*** Source information

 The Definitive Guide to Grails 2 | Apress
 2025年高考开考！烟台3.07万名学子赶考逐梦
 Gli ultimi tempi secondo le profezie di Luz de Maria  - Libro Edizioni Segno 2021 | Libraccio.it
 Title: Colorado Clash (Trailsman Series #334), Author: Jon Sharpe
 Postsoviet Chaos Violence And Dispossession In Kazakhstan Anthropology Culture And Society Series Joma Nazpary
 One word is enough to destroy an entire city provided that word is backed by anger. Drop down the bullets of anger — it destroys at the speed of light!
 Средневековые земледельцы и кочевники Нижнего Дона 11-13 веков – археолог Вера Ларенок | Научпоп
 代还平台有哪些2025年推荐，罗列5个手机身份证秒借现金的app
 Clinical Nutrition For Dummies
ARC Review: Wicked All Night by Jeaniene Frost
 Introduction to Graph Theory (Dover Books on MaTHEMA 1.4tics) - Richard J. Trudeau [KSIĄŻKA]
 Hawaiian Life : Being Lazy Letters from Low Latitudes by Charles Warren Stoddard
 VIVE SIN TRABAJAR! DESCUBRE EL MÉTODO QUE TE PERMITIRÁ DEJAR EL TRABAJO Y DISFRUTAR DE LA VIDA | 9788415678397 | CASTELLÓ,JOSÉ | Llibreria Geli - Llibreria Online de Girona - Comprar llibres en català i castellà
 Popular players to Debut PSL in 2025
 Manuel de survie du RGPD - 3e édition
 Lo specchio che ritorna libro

******

• **Work to complete**:
Would you mind giving all the records again exactly?

• **Problem solution**:
 The Definitive Guide to Grails 2 | Apress
 2025年高考开考！烟台3.07万名学子赶考逐梦
 Gli ultimi tempi secondo le profezie di Luz de Maria  - Libro Edizioni Segno 2021 | Libraccio.it
 Title: Colorado Clash (Trailsman Series #334), Author: Jon Sharpe
 Postsoviet Chaos Violence And Dispossession In Kazakhstan Anthropology Culture And Society Series Joma Nazpary
 One word is enough to destroy an entire city provided that word is backed by anger. Drop down the bullets of anger — it destroys at the speed of light!
 Средневековые земледельцы и кочевники Нижнего Дона 11-13 веков – археолог Вера Ларенок | Научпоп
 代还平台有哪些2025年推荐，罗列5个手机身份证秒借现金的app
 Clinical Nutrition For Dummies
ARC Review: Wicked All Night by Jeaniene Frost
 Introduction to Graph Theory (Dover Books on MaTHEMA 1.4tics) - Richard J. Trudeau [KSIĄŻKA]
 Hawaiian Life : Being Lazy Letters from Low Latitudes by Charles Warren Stoddard
 VIVE SIN TRABAJAR! DESCUBRE EL MÉTODO QUE TE PERMITIRÁ DEJAR EL TRABAJO Y DISFRUTAR DE LA VIDA | 9788415678397 | CASTELLÓ,JOSÉ | Llibreria Geli - Llibreria Online de Girona - Comprar llibres en català i castellà
 Popular players to Debut PSL in 2025
 Manuel de survie du RGPD - 3e édition
 Lo specchio che ritorna libro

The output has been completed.